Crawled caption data
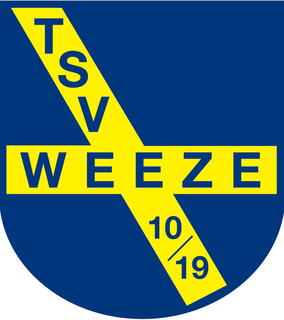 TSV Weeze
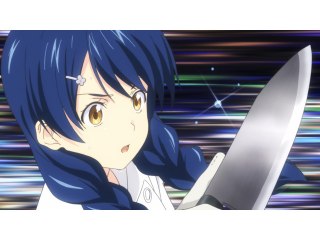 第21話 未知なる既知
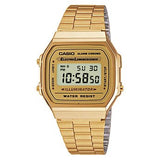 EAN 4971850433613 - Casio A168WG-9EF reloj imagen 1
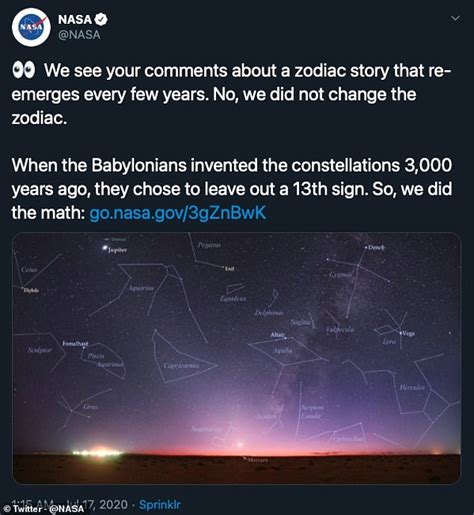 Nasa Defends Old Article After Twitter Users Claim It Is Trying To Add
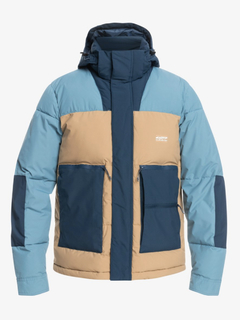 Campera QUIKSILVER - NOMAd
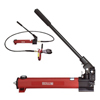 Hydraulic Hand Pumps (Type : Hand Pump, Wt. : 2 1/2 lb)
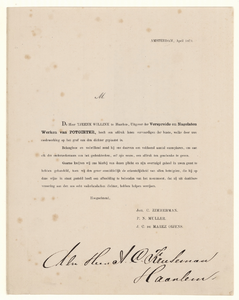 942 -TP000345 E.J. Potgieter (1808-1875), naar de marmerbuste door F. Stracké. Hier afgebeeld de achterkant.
==
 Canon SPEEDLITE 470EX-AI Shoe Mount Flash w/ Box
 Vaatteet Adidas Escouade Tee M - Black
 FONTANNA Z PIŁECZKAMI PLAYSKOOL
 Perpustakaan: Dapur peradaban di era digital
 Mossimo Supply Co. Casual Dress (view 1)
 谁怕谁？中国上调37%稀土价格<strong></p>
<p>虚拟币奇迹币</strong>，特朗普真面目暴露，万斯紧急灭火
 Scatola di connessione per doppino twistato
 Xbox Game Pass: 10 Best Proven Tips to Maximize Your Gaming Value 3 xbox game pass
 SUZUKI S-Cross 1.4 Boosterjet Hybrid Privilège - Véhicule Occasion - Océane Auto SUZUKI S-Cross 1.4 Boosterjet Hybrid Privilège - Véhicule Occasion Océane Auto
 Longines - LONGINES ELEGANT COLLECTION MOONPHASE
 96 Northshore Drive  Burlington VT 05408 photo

Exercise goal ::
From the records above, print only the lines between the one holding "Longines - LONGINES" and the one holding "96 Northshore Drive", inclusive, exactly as they stand.

Response to the exercise ::
 Longines - LONGINES ELEGANT COLLECTION MOONPHASE
 96 Northshore Drive  Burlington VT 05408 photo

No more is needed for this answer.